The problem with increasing the size of your steel standing rigging is two fold. First, the added wire size directly translates into added weight aloft. This will make your yacht much more tender and life during a storm will be far less than deplorable. The second reason is the wire size of your rigging is not the weak link in your standing rigging. Your entire rig is a calculated design where everything shares the responsibility. Increasing the wire size but not increasing the size of the clevis pins that hold the terminals is pointless. Now you have heavier rigging of the same strength! Remember, a chain is only as strong as its weakest link, so increasing the size of one link will not make the chain any stronger. True upsizing of your rigging would entail increasing the size of everything involved in your standing rigging. 

With steel rigging, there is a severe weight penalty for increasing the size of the wire. Synthetic standing rigging doesn't carry such a weight penalty; instead it carries a financial penalty. Increasing the size of the line used will increase the cost per foot dramatically! For example, 6mm New England Ropes STS-HSR costs $2.79 per foot. 7mm New England Ropes STS-HSR costs 3.49 per foot. That is a $0.70 increase for each foot of line you need to buy! If you take it a step further and go to 9mm New England Ropes STS-HSR, you are now looking at $6.09 per foot! Now you are looking at an increase of $3.30 for every foot just so that you can upsize your rigging by 3mm! 

Windage is another concern with increasing the size of your synthetic standing rigging, as it is suddenly a larger stay to pass through the wind. This is only a real concern for racers, as the average cruiser has enough junk on the deck to nullify any penalty from larger stays. 

After the financial burden, increasing the size of your synthetic standing rigging does offer one major advantage, it decreases the amount of creep you will experience. Having larger stays means that each stay will be loaded a lower percentage of its maximum.

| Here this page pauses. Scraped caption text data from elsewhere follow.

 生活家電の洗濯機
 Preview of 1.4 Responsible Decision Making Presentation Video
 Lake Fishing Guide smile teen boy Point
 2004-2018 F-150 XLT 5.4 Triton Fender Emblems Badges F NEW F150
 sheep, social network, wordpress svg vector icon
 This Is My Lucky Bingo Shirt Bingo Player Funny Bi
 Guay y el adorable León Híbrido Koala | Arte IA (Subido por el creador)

If you apply a static load to synthetic standing rigging, it will creep. If the load is greater than 10% of its maximum breaking load, you will experience significant creep. If the load is less than 10%, you will experience less creep. As you increase in size, the strength of the line increases dramatically, and so would the decrease in creep. 

Increasing the size of your steel rigging is pointless, as this will simply add weight aloft and cause you to heel over more while sailing. Increasing the size of your synthetic standing rigging will cost a lot more but it will also give you less creep. 

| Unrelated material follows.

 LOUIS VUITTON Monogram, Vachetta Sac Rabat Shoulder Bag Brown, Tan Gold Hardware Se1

Ideally, you should try to keep your yacht's rigging at the designed size. When the rigging was designed, the designer factored in the heeling forces of the wind and the ballast in the keel. Altering from this would mean deviating away from an expertly calculated state into an experimental state.

Dealing with Winter's Stretch

Dyneema, used in synthetic standing rigging, is remarkably strong and light weight. This makes it an excellent choice for standing rigging, as it supports the mast without adding unwanted weight aloft.

The dark secret about synthetic standing rigging is that the dyneema has a negative coefficient of thermal expansion, meaning that it actually elongates as it cools. Aluminum, a common spar material, has a positive coefficient of thermal expansion, meaning that it will shrink while cooling.  Stainless steel rigging also has a positive coefficient of thermal expansion, so it will shrink along with the aluminum at roughly the same rate.

As winter approaches, the mast will shrink ever so slightly, as will steel rigging, meaning that it will all stay roughly the same tension. This is why steel rigging seems to stay the same tightness year round, as it expands and contracts with the mast. 

Synthetic standing rigging, on the other hand, becomes rediculously loose as winter approaches. The mast contracts ever so slightly, while the dyneema expands a bit. The combination is a longer than normal stay on a shorter than normal mast! You might be tempted to simply tighten the deadeyes during winter, that way the standing rigging is tight again, but the problem is that once summer returns, the mast will expand slightly and the dyneema will contract drastically.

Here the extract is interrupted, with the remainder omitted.